** DATA PROVIDED **

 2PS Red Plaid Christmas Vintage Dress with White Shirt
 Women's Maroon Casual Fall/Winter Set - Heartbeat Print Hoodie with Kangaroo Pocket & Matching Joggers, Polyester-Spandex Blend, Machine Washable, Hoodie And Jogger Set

---

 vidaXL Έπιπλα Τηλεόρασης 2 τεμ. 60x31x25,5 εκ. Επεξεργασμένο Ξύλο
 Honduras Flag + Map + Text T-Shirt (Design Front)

---

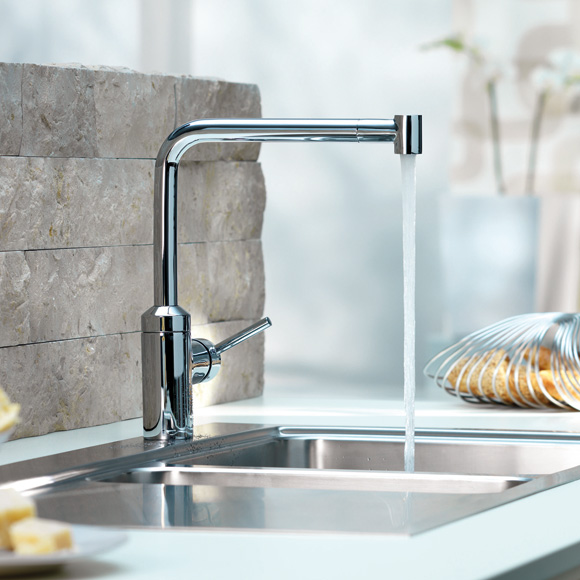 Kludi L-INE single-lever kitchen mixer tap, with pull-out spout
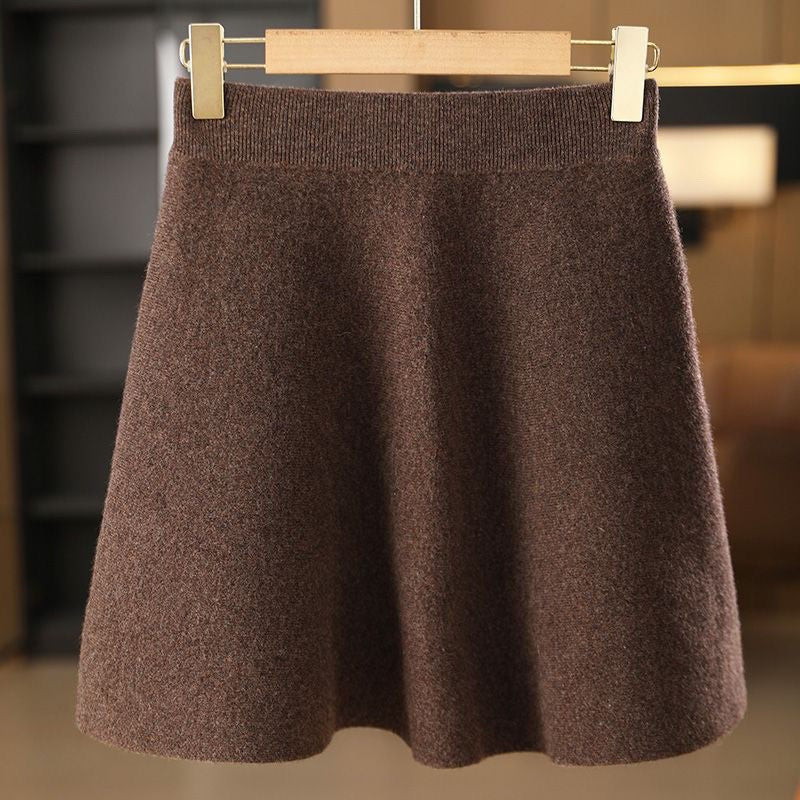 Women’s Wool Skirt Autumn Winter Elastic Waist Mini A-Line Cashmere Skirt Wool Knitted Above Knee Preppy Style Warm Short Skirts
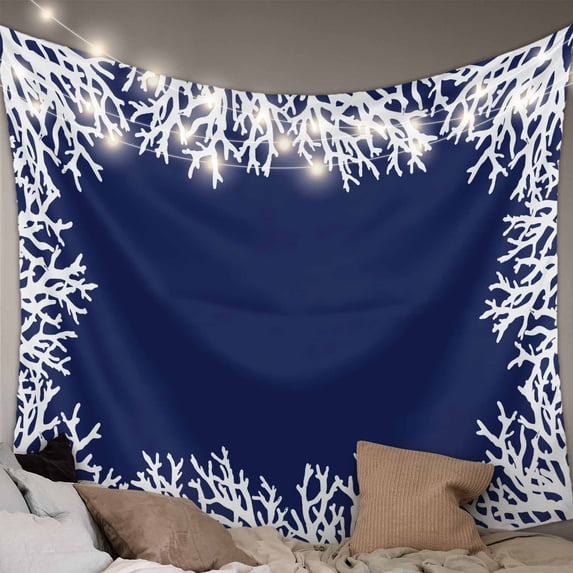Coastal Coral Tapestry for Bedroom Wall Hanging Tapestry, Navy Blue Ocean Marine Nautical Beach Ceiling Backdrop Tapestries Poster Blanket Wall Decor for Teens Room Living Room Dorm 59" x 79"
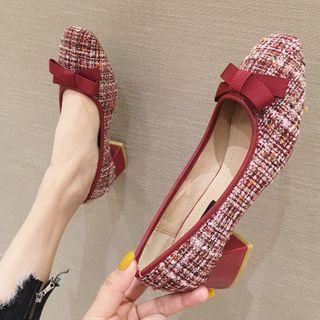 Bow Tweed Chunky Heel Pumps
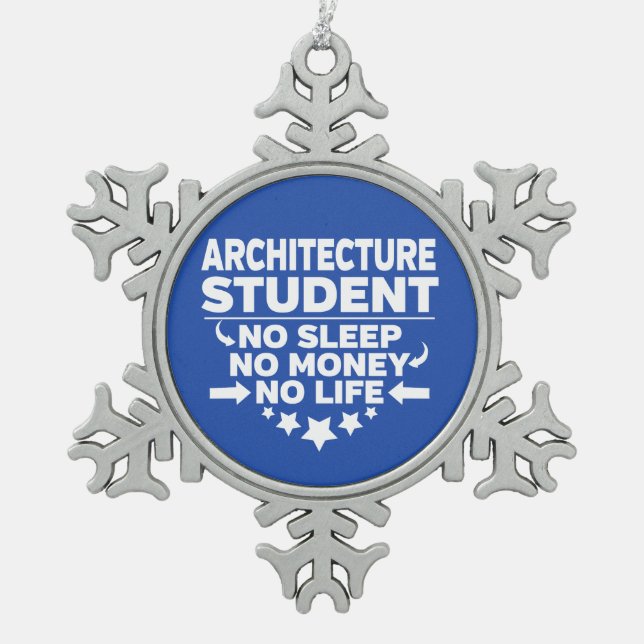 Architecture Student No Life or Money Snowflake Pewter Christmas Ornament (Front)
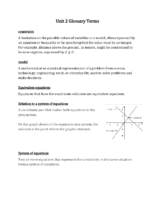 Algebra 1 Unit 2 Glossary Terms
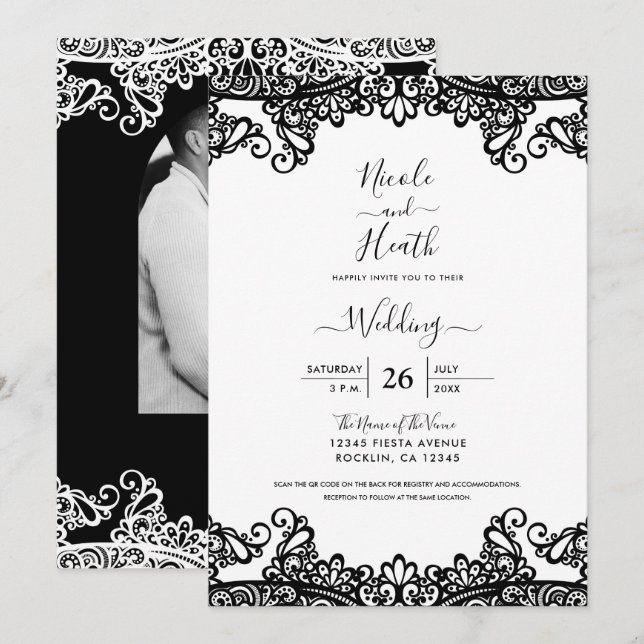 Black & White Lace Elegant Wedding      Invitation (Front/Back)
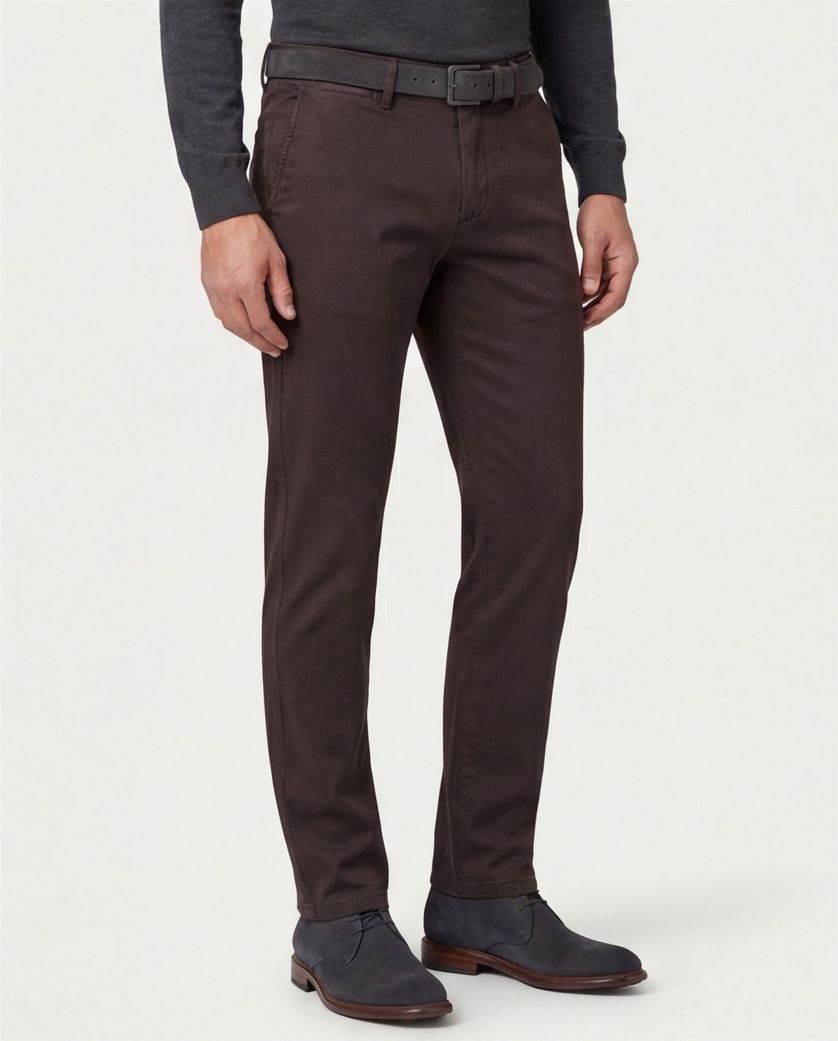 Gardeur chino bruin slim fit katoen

** EXERCISE INSTRUCTIONS **
The line holding "Architecture Student No" starts the copy and the line holding "Gardeur chino bruin slim fit katoen" ends it. Repeat those two lines above and all between them exactly, leaving out pictures.

** YOUR SOLUTION **
 Architecture Student No Life or Money Snowflake Pewter Christmas Ornament (Front)
 Algebra 1 Unit 2 Glossary Terms
 Black & White Lace Elegant Wedding      Invitation (Front/Back)
 Gardeur chino bruin slim fit katoen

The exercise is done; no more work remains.